Thursday, November 1, 2007

Meeting 11.1.2007 of the Seaford Historical Society

Thomas Saltzman, historian of the Town of Hempstead, presented two Powerpoint CD shows that he and his office prepared. The first reviewed the history of record-keeping in the Town of Hempstead. The second was prepared for classes of fourth-graders, who study local history.
Many thanks to the volunteers of the Seaford Historical Society, who graciously and expeditiously offered this meeting. First, however, I must provide this link to a page outlining the history of the Town of Hempstead. I must also remind readers that Seaford, New York, does not have the status of village or city. It is an unincorporated section of the large Town of Hempstead. We have about 16,000 residents, but our local government is the Town of Hempstead, which counts about 750,000 residents.
Mr. Saltzman explained from 1643 to 1784 the Town of Hempstead extended from Long Island Sound to the Atlantic Ocean. During the Revolutionary War, the northern section tended to be "Patriot," siding with George Washington, and the southern section was "Loyalist," friendly to the King. In 1784, the town was split, a division that can be seen on the parking signs along Old Country Road! (In Westbury, those on the north side of that street are marked "Town of North Hempstead," on the south side "Town of Hempstead.") For a while after 1784, the term Town of South Hempstead was used.
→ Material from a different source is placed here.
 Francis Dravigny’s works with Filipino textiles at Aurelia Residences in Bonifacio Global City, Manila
It must also be noted that the towns of Hempstead, North Hempstead, and Oyster Bay formed part of Queens County until 1899, when Nassau County was established. As a result, certain county-level documents (some land deeds, for example) originating prior to 1899 are held in the Queens County record office on Sutphin Boulevard, Jamaica.
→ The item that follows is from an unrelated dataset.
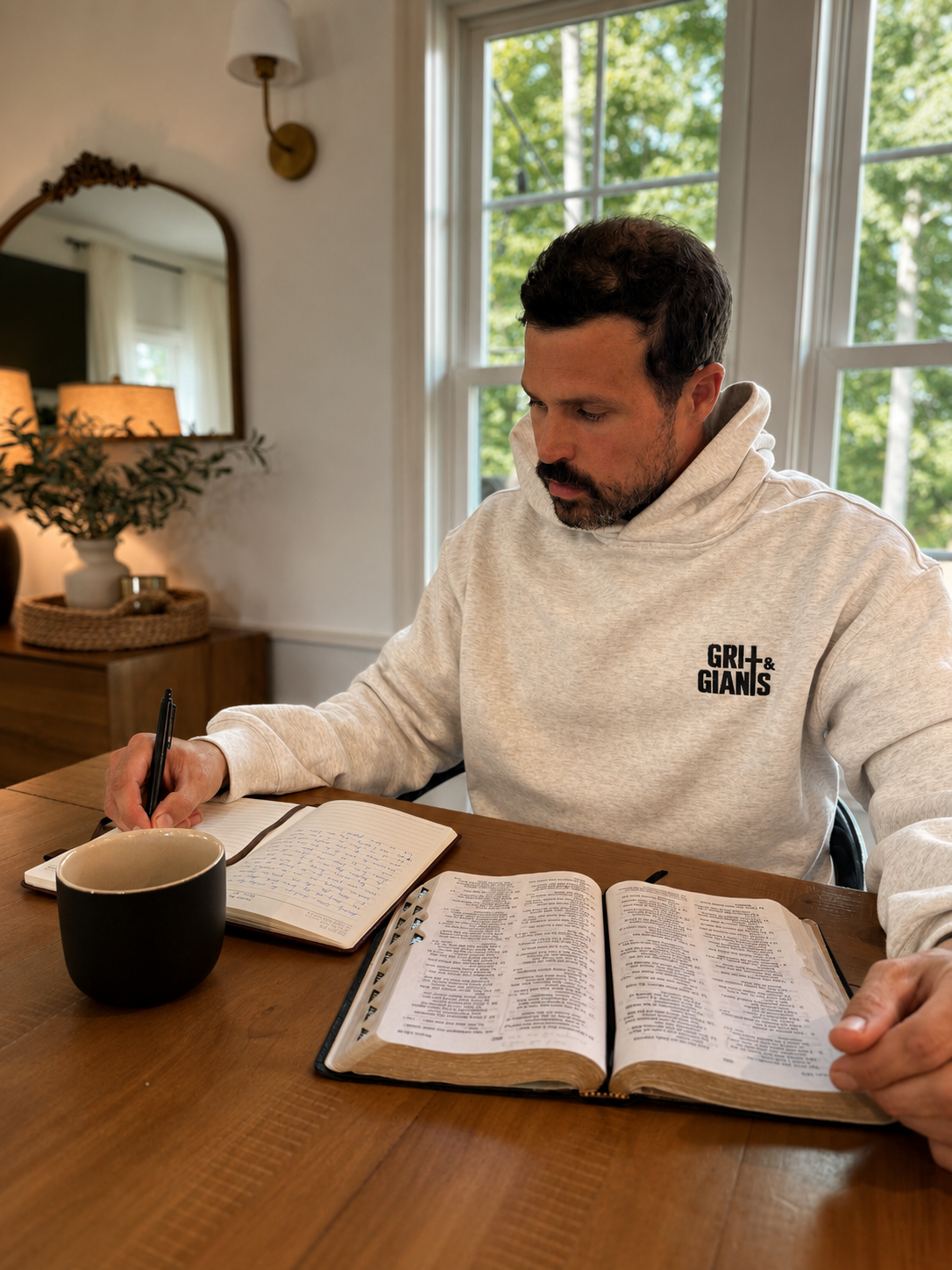 Man wearing a white heather Grit & Giants Victory Hoodie while reading the Bible and writing at a table.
Until about 1870, the town records moved from house to house depending on who was Town Clerk. When the Town of Hempstead was split in 1784, the clerk happened to live in north of Old Country Road, so North Hempstead retained the older records. Some were later copied, by hand, of course. Through many years, there was only one town meeting a year, in April, and it considered few items of business. The records from 1784 to 1870 make six volumes. About 1870, the Town created a records office on Liberty Street, Hempstead, so the records would not thereafter be stored at the current clerk's home. Nowadays, there is a special department in Town Hall for the preservation of records.